Cierto es que el Gobierno español debía tener en su poder un plan tranquilizador para desarrollar entre los países que aportan un mayor número de turistas a España; y, sin embargo, hemos visto a nuestra ministra de Exteriores estas últimas semanas reunida con Picardo, el ministro principal de Gibraltar y en Ankara... o realizando una merecida defensa de las Islas Baleares y Canarias, olvidándose de otras zonas de la península que reciben desde hace muchos años un gran número de británicos. Ahora bien, coincidamos en la dificultad de prever cuáles son las razones últimas de quienes basan su política en sentimientos nacionalistas y en demagogias irracionales... Johnson representa bien esa mayúscula dificultad.

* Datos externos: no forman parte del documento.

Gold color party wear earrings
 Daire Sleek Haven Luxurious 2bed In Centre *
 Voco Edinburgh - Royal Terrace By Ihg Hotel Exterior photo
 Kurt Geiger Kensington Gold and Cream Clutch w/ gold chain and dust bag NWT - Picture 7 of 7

Si la recuperación de la actividad turística era ya una incógnita, la decisión del premier puede ser una estocada definitiva para el sector económico que genera más riqueza en nuestro país. Hoy quedan en su dimensión exacta las declaraciones de algunos ministros despreciando todo lo relacionado con el turismo. Y parece increíble que hubiera hace unos años boicots violentos contra los turistas que venían a España. Ahora todas las expectativas y esperanzas en una pronta recuperación económica parecen difuminarse en un negro horizonte; nada de lo que necesitamos urgentemente parece a nuestro alcance. Ante ese futuro preñado de malos presagios, las primeras preguntas que me vienen son: ¿qué más nos tendría que pasar para que los grandes partidos se sienten a buscar puntos de acuerdo? ¿Seguirán despreciando los que apoyan al Gobierno lo que se nos viene encima? ¿Saldrán los opositores a la calle en alegre algarabía por el desastre económico que nos anuncia la decisión del peculiar primer ministro inglés entre otros?

Vuelve a parecerme que los críticos al Ejecutivo se dedican con fruición irresponsable a remarcar las razones de los gobiernos que han decidido recomendar, entorpecer o impedir que sus conciudadanos pasen sus vacaciones en España. Vuelven a parecerme fríos y con escaso entusiasmo los reclamos a la unidad que hace Moncloa a la oposición. Todo parece más bien un rigodón para entretenernos y ocultar la determinación de que sólo admiten adhesiones, que sólo buscan la capitulación del adversario, sea este el Gobierno o sean los partidos de la oposición. En fin, no veo motivos de autosatisfacción para los que gobiernan y no veo las razones para regodeo que creo adivinar bajo la exageración de algunas críticas. Seguro que el Gobierno no lo ha hecho bien; es más, la falta de comunicación con el primer partido de la oposición, el único que puede sustituirle, es una pesada losa en su gestión, porque es al Ejecutivo a quien corresponde la iniciativa en esta clase de encuentros, imprescindibles en momentos como los que vivimos. Si en estas gravísimas circunstancias no nos unimos en cuestiones básicas, los próximos gobernantes encontrarán desolación, pobreza, extremismo y frustración.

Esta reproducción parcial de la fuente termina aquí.